# fish ideas for 14 gal



## ThalesthePearsei (Jan 27, 2009)

My ocellaris that I have had for many years just died yesterday mysteriously and I am so bummed out about it. I really do not want to rush out and buy any more fish right now, I want to let the tank just go fish-less for a few months just in case my ocellaris died of some illness that still may be lingering around in there. But, I am just pondering what I should get...any suggestons?


----------



## onefish2fish (Jul 22, 2008)

this as your only fish
http://www.liveaquaria.com/product/prod_display.cfm?c=15+19+63&pcatid=63

or 
Saltwater Aquarium Fish for Marine Aquariums: Banded Possum Wrasse

or 
http://www.liveaquaria.com/product/prod_display.cfm?c=15+717+238&pcatid=238

you may also want to do a small water change, and prob. check all your water params before doing it.


----------



## ThalesthePearsei (Jan 27, 2009)

Wow those are some awesome looking fish!


----------



## SuperFishFan (Jul 27, 2009)

One, 

that possum wrasse is ridiculous! I'm on a mission now.... got get one, gotta gotta get one.

Thalesthepearsei,

There are no other fish in the tank at all? 
Can you photograph and post the tank as is, now?


----------



## onefish2fish (Jul 22, 2008)

yea there sick, ive been searching for one as well as a tiny leopard wrasse ( i saw one in a LFS display that was like 1/2 inch ) ive also been on the search for a few other things.


----------



## SuperFishFan (Jul 27, 2009)

onefish2fish said:


> yea there sick, ive been searching for one as well as a tiny leopard wrasse ( i saw one in a LFS display that was like 1/2 inch ) ive also been on the search for a few other things.


 
I'll be going to the wholesalers here in Los Angeles in about 4-5 weeks with an LFS-owner friend of mine. If I find either, I can pick it up and have it shipped immediately if you're interested. We'll have to correspond verbally before I go.


----------



## onefish2fish (Jul 22, 2008)

i found the small lep it just was at a price i was not willing to pay.


----------



## SuperFishFan (Jul 27, 2009)

onefish2fish said:


> i found the small lep it just was at a price i was not willing to pay.


 
yep. beautiful thing about going to the wholesalers, is that you'd pay about half of what you saw it for retail. can i ask what the $$$ was on that Lep you saw?


----------



## onefish2fish (Jul 22, 2008)

$70 for the 1/2 guy but ive seen larger ones for way cheaper. i just want a small one.


----------



## SuperFishFan (Jul 27, 2009)

onefish2fish said:


> $70 for the 1/2 guy but ive seen larger ones for way cheaper. i just want a small one.

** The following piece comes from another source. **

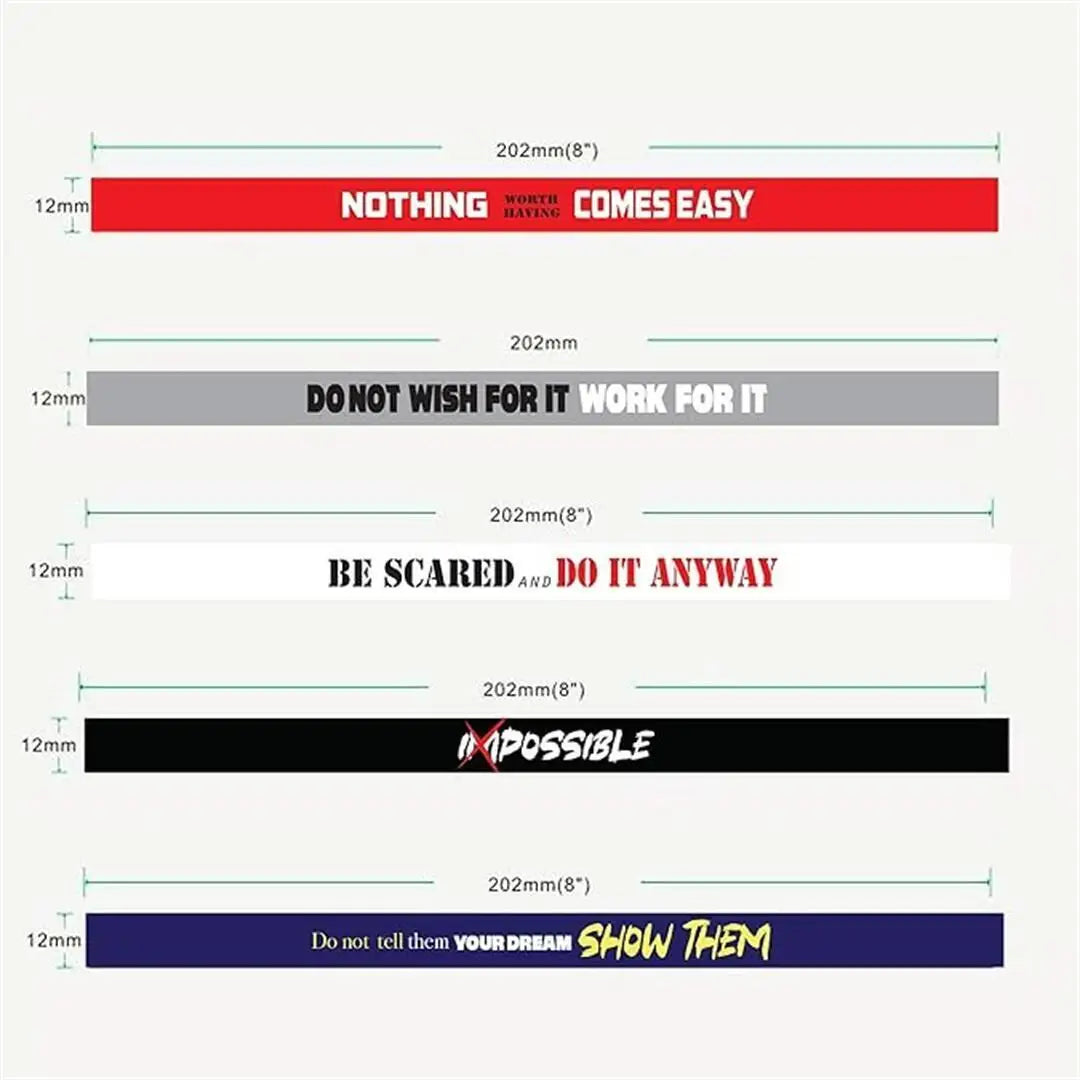 Motivational Wristbands Bracelets with Inspirational Messages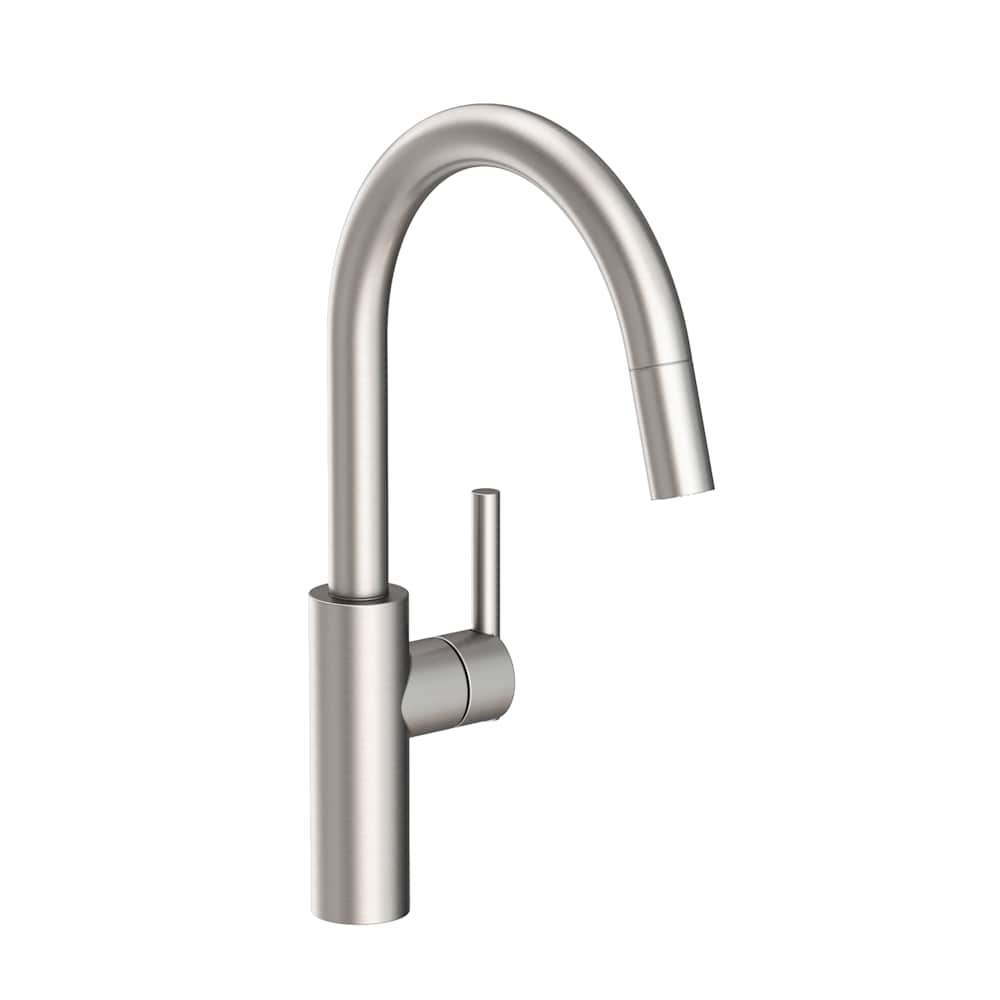 East Linear 1.8 GPM Single Hole Pull Down Kitchen Faucet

$70? whoa. Yeah, juvies can command a "price" alright.


----------



## onefish2fish (Jul 22, 2008)

again as i stated, it was a price i was not willing to pay. lol


----------



## ThalesthePearsei (Jan 27, 2009)

> There are no other fish in the tank at all?
> Can you photograph and post the tank as is, now?


Nope, the clownfish was the only fish. I do not like crowding a handful of fish in such a small tank as some people like to do.
The tank looks just like this except the without the ocellaris.....


----------



## SuperFishFan (Jul 27, 2009)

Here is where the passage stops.